A flick of the baton and the strings stir to life. A grand sweep of the arms and the other instruments strike up in perfect harmony. The maestro on the podium skilfully unifies the musicians, sets the tempo, and directs the sounds of the ensemble.
Balancing harmony is an art. Transposed to the context of sustainability reporting, understanding the artistry behind the harmonisation requires an appreciation of the complexities of reporting instruments and the different viewpoints on how sustainability reporting should be orchestrated.
The year 2020 has been notable for a whirlwind of sustainability reporting developments. This article will look into two key aspects of the discussions: Firstly, whether there is a need for mandatory environmental, social, and governance (ESG) reporting; and secondly, what standards and frameworks should be used, and whether and how they should be harmonised.
A rising chorous of debate
Most of the current vast range of reporting instruments to support corporate issuers in sustainability reporting are voluntary. While companies of all sizes and sectors are encouraged to report their disclosures, there have been heated debates over whether mandatory reporting leads to the desired outcomes.
Mandatory sustainability reporting for all companies under the same set of standards is ambitious because different sectors face unique material priorities and are at different stages of the reporting journey. It is challenging to derive a set of performance indicators that all companies and stakeholders across sectors and jurisdictions find material. The different requirements adopted in different regions also increase the complexity for corporate sustainability reporting. There are also concerns that mandatory reporting could limit the sustainability efforts of some companies.

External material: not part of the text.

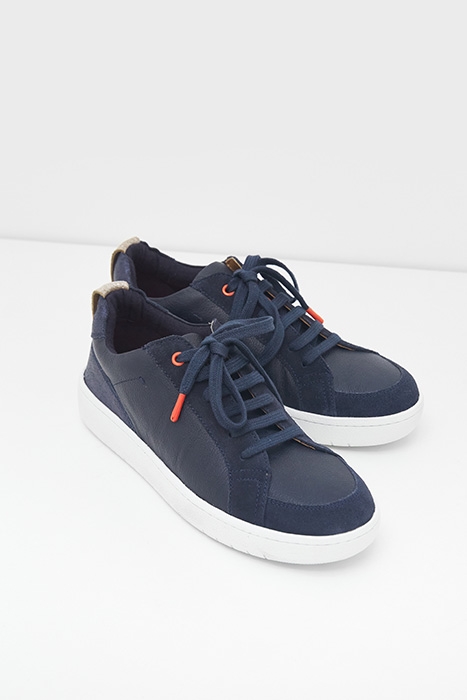 LEATHER AND SUEDE TRAINER NAVY 2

Nevertheless, the shift from voluntary reporting to government-regulated reporting is gathering pace. Pressure is rising with public interest and investor activism for corporate responsibility, as well as the belief of governments that transparency will speed up progress towards stable markets and an inclusive, sustainable economy. This can be demonstrated by the announced intention of New Zealand and the United Kingdom to make declarations in line with recommendations from the Task Force on Climate-related Financial Disclosures (TCFD) mandatory.